No entanto, o que ainda não está claro é se
Le Pen conseguirá garantir a maioria. As pesquisas sugerem que isso está ao
alcance, mas não é uma certeza. Jordan Bardella, seu candidato de 28 anos ao
cargo de primeiro-ministro, insiste que não aceitará o cargo a menos que
comande essa maioria no Parlamento. Sem ela, se Macron lhe pedisse para tentar
formar um governo, ele poderia ser derrubado por uma moção de desconfiança logo
no primeiro obstáculo. A França passaria então por uma busca por um primeiro-ministro
capaz de formar um governo estável, o que poderia levar a um período que se
assemelha à instabilidade crônica da Quarta República do país, em 1946-1958.
Se a aliança liderada pelo RN conseguir
conquistar a maioria, o país estará caminhando de uma forma de “coabitação”
desconfortável entre o presidente e o governo, em que cada um deles tem uma
visão diametralmente oposta sobre quase tudo, desde a política fiscal até a
Europa, a Ucrânia e a Otan.
A Constituição da Quinta República, concebida por Charles de Gaulle em 1958 exatamente para levar a tão necessária estabilidade, será duramente testada. Em 28 de junho, a diferença de taxas entre os títulos soberanos de dez anos franceses e alemães atingiu seu maior nível desde 2012. A França parece estar caminhando a toda velocidade, em um estado de raiva e apreensão, para o desconhecido político.

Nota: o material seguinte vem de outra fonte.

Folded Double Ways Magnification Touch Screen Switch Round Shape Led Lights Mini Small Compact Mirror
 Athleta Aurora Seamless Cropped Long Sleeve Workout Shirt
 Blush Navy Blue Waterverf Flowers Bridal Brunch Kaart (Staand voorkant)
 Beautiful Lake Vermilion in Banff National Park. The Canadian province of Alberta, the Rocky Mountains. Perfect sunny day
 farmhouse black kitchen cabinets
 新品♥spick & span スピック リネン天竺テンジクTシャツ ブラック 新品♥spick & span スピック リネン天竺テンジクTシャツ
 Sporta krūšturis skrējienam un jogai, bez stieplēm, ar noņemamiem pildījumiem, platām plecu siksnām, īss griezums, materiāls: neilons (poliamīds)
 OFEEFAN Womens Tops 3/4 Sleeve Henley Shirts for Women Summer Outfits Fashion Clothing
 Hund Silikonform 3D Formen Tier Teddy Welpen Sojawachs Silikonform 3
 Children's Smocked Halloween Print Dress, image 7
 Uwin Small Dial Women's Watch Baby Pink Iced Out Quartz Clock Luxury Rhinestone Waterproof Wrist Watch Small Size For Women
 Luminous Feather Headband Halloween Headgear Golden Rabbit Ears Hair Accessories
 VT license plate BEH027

Até conservadores e neoliberais estão preocupados com o crescimento da extrema direita. Os radicais de Direita já mostraram suas garras no Brasil, onde os bolsonaristas falavam em Democracia e Liberdade, e tentaram várias maneiras golpistas (explosão de bombas, ataques ao STF e Congresso, etc.) pra evitar que Lula assumisse e governasse depois de ter vencido democraticamente a eleição presidencial. Quase o mesmo foi feito pelo CRIMINOSO Trump nos EUA, ameaçando décadas de democracia naquele país.